Provided data
=== Section Start ===
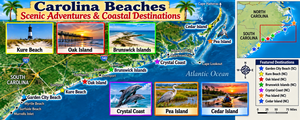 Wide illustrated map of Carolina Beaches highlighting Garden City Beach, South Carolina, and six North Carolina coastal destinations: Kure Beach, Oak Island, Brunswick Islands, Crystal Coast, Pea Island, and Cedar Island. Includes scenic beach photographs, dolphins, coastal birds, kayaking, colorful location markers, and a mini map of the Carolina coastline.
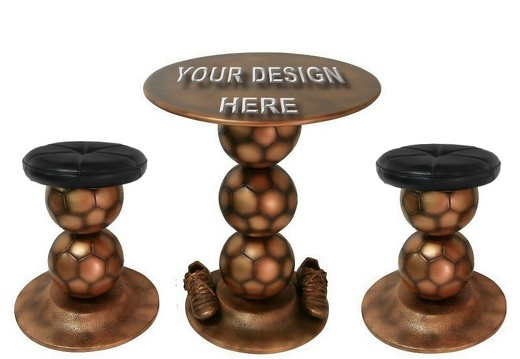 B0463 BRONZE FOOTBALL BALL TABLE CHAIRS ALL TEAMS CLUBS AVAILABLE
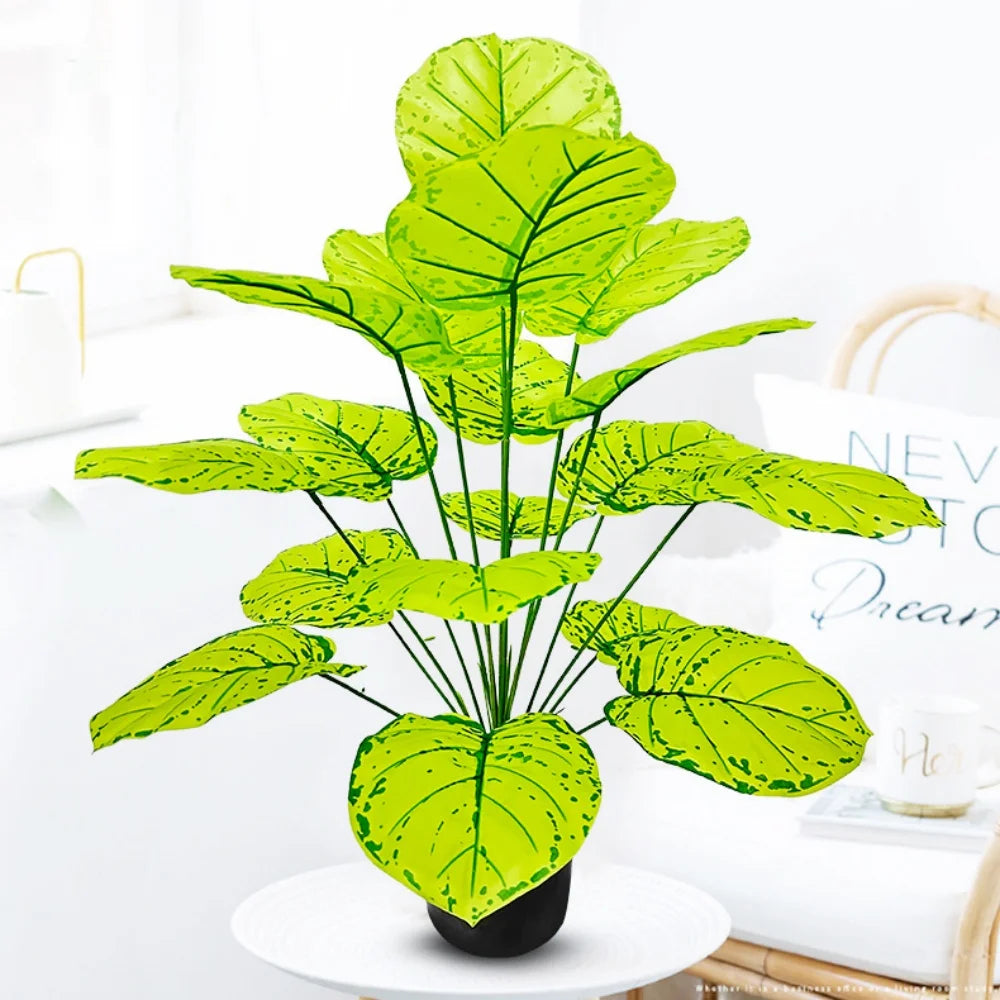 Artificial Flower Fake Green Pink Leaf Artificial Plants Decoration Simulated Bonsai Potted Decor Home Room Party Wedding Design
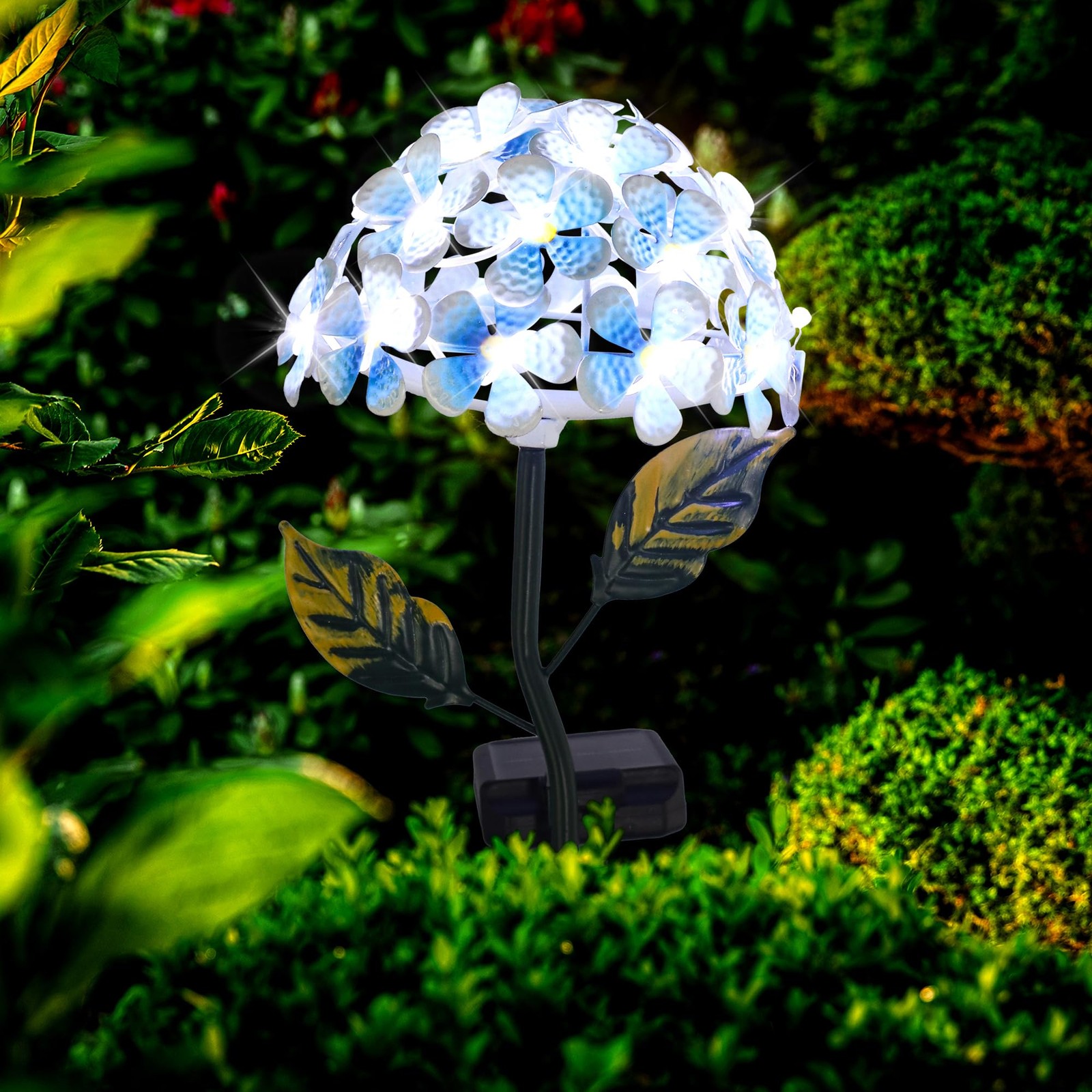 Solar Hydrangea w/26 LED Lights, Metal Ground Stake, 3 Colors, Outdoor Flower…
=== Section End ===
Exercise instructions
The listing must be returned in full and exactly, apart from its pictures.

Problem solution
 Wide illustrated map of Carolina Beaches highlighting Garden City Beach, South Carolina, and six North Carolina coastal destinations: Kure Beach, Oak Island, Brunswick Islands, Crystal Coast, Pea Island, and Cedar Island. Includes scenic beach photographs, dolphins, coastal birds, kayaking, colorful location markers, and a mini map of the Carolina coastline.
 B0463 BRONZE FOOTBALL BALL TABLE CHAIRS ALL TEAMS CLUBS AVAILABLE
 Artificial Flower Fake Green Pink Leaf Artificial Plants Decoration Simulated Bonsai Potted Decor Home Room Party Wedding Design
 Solar Hydrangea w/26 LED Lights, Metal Ground Stake, 3 Colors, Outdoor Flower…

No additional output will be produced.